Interface IDocumentQA<T>

Namespace: AiDotNet.Document.Interfaces

Assembly: AiDotNet.dll

Interface for document question answering models.

public interface IDocumentQA<T> : IDocumentModel<T>, IFullModel<T, Tensor<T>, Tensor<T>>, IModel<Tensor<T>, Tensor<T>, ModelMetadata<T>>, IModelSerializer, ICheckpointableModel, IParameterizable<T, Tensor<T>, Tensor<T>>, IFeatureAware, IFeatureImportance<T>, ICloneable<IFullModel<T, Tensor<T>, Tensor<T>>>, IGradientComputable<T, Tensor<T>, Tensor<T>>, IJitCompilable<T>

Type Parameters

T: The numeric type used for calculations.

Inherited Members: IDocumentModel<T>.ExpectedImageSize

IDocumentModel<T>.MaxSequenceLength

IDocumentModel<T>.RequiresOCR

IDocumentModel<T>.SupportedDocumentTypes

IDocumentModel<T>.IsOnnxMode

IDocumentModel<T>.EncodeDocument(Tensor<T>)

IDocumentModel<T>.ValidateInputShape(Tensor<T>)

IDocumentModel<T>.GetModelSummary()

IFullModel<T, Tensor<T>, Tensor<T>>.DefaultLossFunction

IModel<Tensor<T>, Tensor<T>, ModelMetadata<T>>.Train(Tensor<T>, Tensor<T>)

IModel<Tensor<T>, Tensor<T>, ModelMetadata<T>>.Predict(Tensor<T>)

IModel<Tensor<T>, Tensor<T>, ModelMetadata<T>>.GetModelMetadata()

IModelSerializer.Serialize()

IModelSerializer.Deserialize(byte[])

IModelSerializer.SaveModel(string)

IModelSerializer.LoadModel(string)

ICheckpointableModel.SaveState(Stream)

ICheckpointableModel.LoadState(Stream)

IParameterizable<T, Tensor<T>, Tensor<T>>.GetParameters()

IParameterizable<T, Tensor<T>, Tensor<T>>.SetParameters(Vector<T>)

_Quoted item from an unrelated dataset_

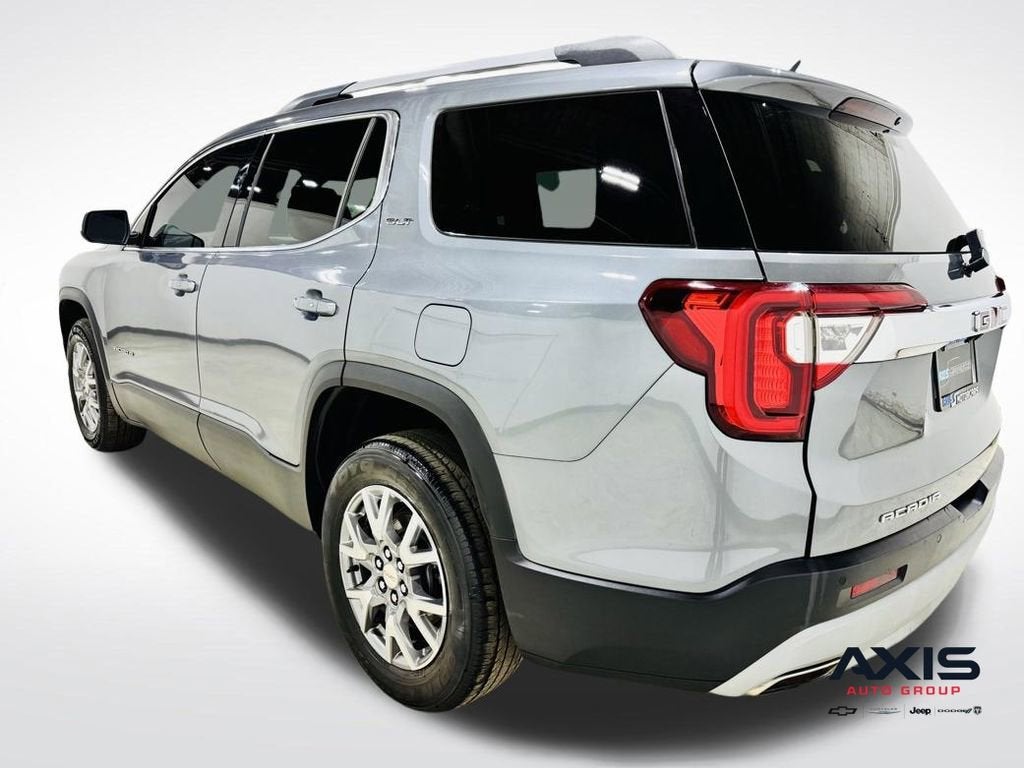 2021 GMC Acadia SLT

IParameterizable<T, Tensor<T>, Tensor<T>>.ParameterCount

IParameterizable<T, Tensor<T>, Tensor<T>>.WithParameters(Vector<T>)

IFeatureAware.GetActiveFeatureIndices()

IFeatureAware.SetActiveFeatureIndices(IEnumerable<int>)

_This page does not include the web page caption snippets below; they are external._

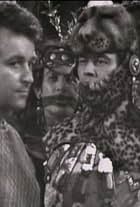 Foto de Ian Cullen pareja de Yvonne Quenet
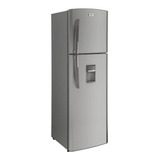Refrigerador Auto Defrost Mabe Rma1025ymx Grafito Con Freezer 251.19l 127v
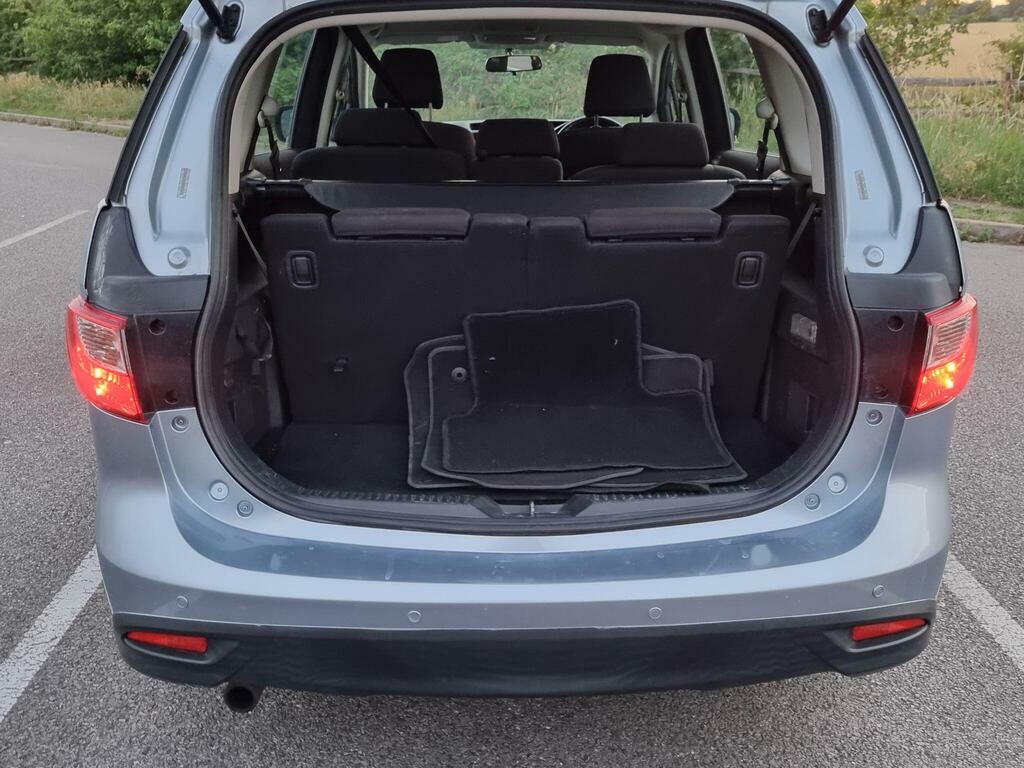Mazda 5 Blue #43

IFeatureAware.IsFeatureUsed(int)

IFeatureImportance<T>.GetFeatureImportance()

ICloneable<IFullModel<T, Tensor<T>, Tensor<T>>>.DeepCopy()

ICloneable<IFullModel<T, Tensor<T>, Tensor<T>>>.Clone()

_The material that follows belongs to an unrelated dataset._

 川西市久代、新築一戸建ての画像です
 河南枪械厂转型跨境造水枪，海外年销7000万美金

IGradientComputable<T, Tensor<T>, Tensor<T>>.ComputeGradients(Tensor<T>, Tensor<T>, ILossFunction<T>)

IGradientComputable<T, Tensor<T>, Tensor<T>>.ApplyGradients(Vector<T>, T)

IJitCompilable<T>.ExportComputationGraph(List<ComputationNode<T>>)

IJitCompilable<T>.SupportsJitCompilation

Extension Methods: DistributedExtensions.AsDistributedForHighBandwidth<T, TInput, TOutput>(IFullModel<T, TInput, TOutput>, ICommunicationBackend<T>)

DistributedExtensions.AsDistributedForLowBandwidth<T, TInput, TOutput>(IFullModel<T, TInput, TOutput>, ICommunicationBackend<T>)

DistributedExtensions.AsDistributed<T, TInput, TOutput>(IFullModel<T, TInput, TOutput>, ICommunicationBackend<T>)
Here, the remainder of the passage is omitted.